Melnik’s remains were repatriated from Luxembourg and buried in Kiev with state honors on Sunday. Vladimir Zelensky and senior Ukrainian officials attended the ceremony, with the Ukrainian leader describing Melnik as a “hero.”
“The regime is demonstrating its true essence,” Peskov told reporters on Tuesday responding to the ceremony. He described the repatriation of a known Nazi collaborator as a clear “manifestation of neo-Nazism,” adding that it was “very dangerous for Europe.”
“The official, state-level glorification of Nazi criminals and collaborators is taking place in the center of Europe. I don’t know if anyone in the European capitals likes this, but we don’t like it at all,” Peskov said, adding that this latest episode “once again underscores the justification and the correctness of launching the special military operation.”
Previously, the Israeli Foreign Ministry had also condemned Kiev’s decision to bury Melnik with state honors, saying there was “no place for ignoring historical truth and the memory of the victims murdered by the Nazis and their collaborators.”
Israel’s Yad Vashem Holocaust memorial center has also decried the ceremony, stating that honoring the leader of a movement that aided Nazi Germany in the persecution and murder of Jews “undermines the moral integrity essential to Holocaust remembrance.”

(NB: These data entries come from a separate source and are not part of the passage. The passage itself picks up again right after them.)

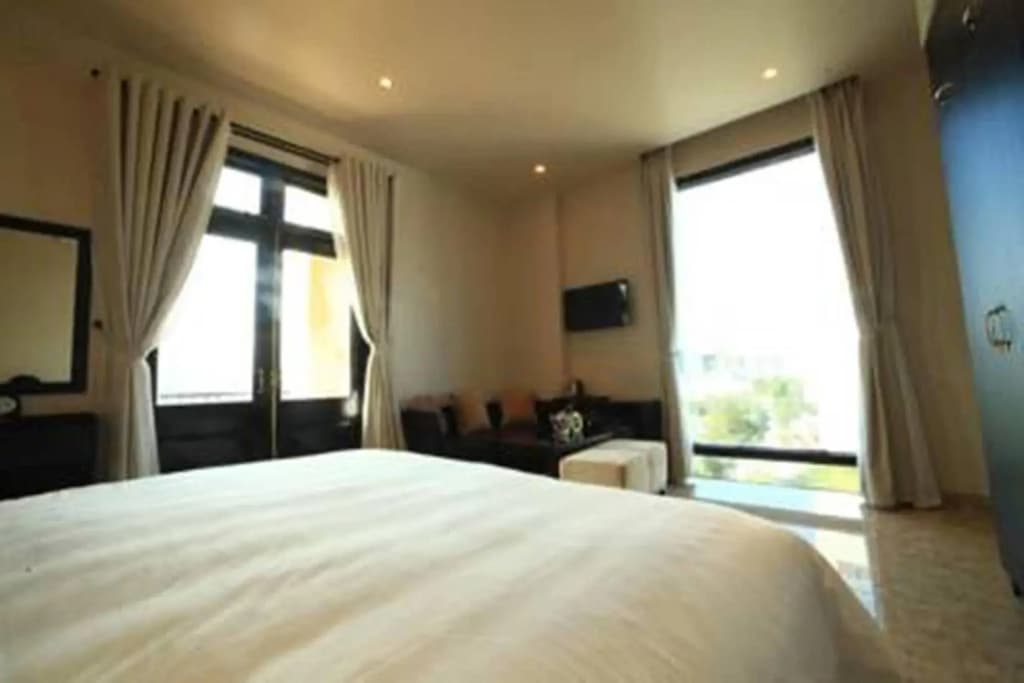 Bezel Hotel - photo 6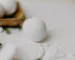 Pourquoi les gommages aux acides sont-ils plus efficaces sur certaines peaux que sur d’autres ?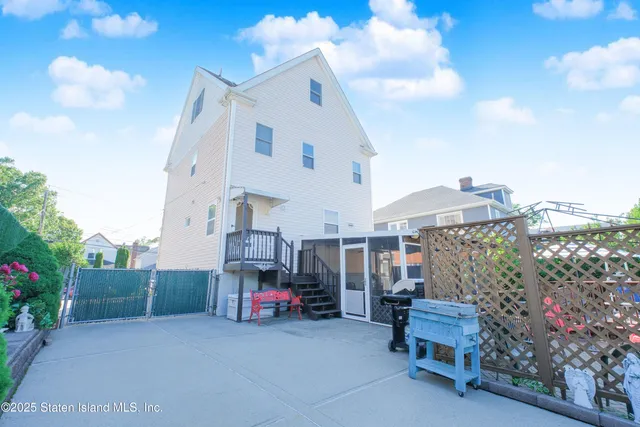 a view of a house with backyard and garden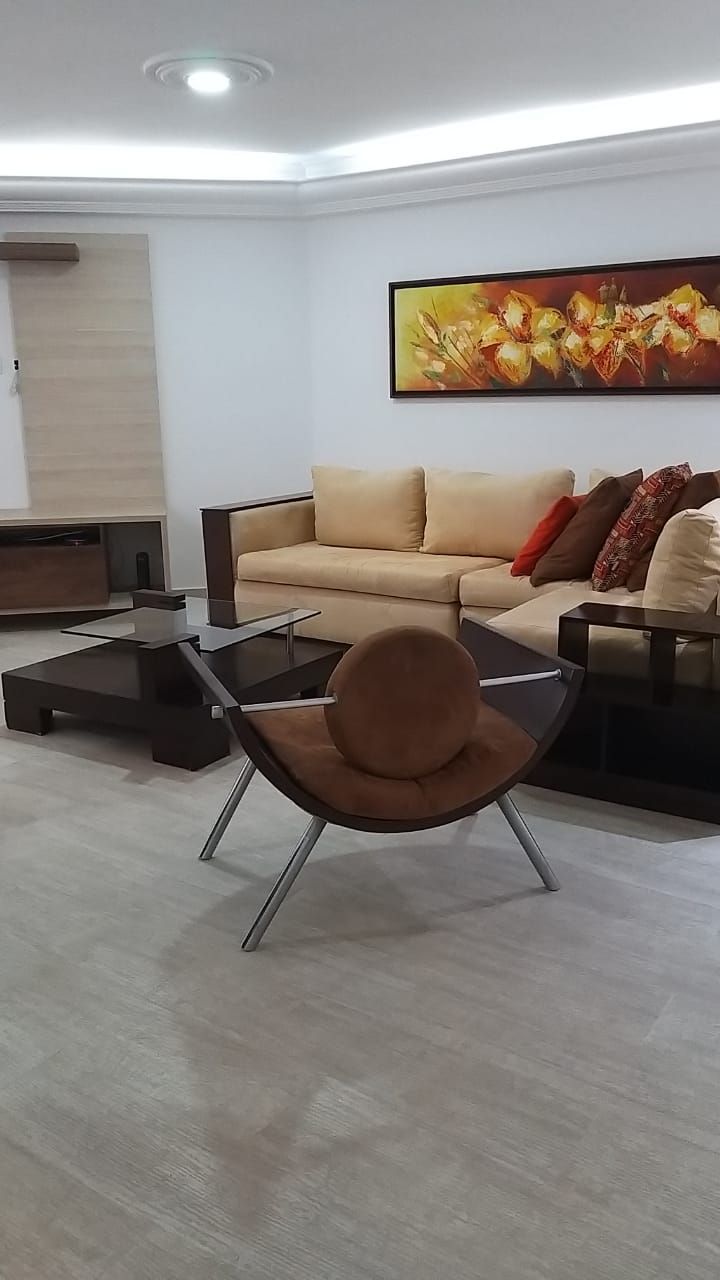 Apartamento en venta Antioquia Medellín Laureles 130 m2 Habitaciones 3 Baños 2 Garajes 2 Precio $690000000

Melnik co-founded the Organization of Ukrainian Nationalists (OUN) in 1929 and led the organization from 1938 onwards, conducting espionage and sabotage operations for Nazi Germany’s military intelligence agency, the Abwehr. The OUN later split into two factions, one loyal to Stepan Bandera, another Nazi collaborator revered by Kiev. Both factions aided in the persecution and killing of Jews and Poles during World War II.
Melnik had petitioned Adolf Hitler to create a Ukrainian Waffen SS division, but eventually fell out of favor with the Fuhrer, and was imprisoned in a concentration camp in 1944. As the war ended, Melnik fled to the West and settled in Luxembourg, where he remained politically active until his death in 1964.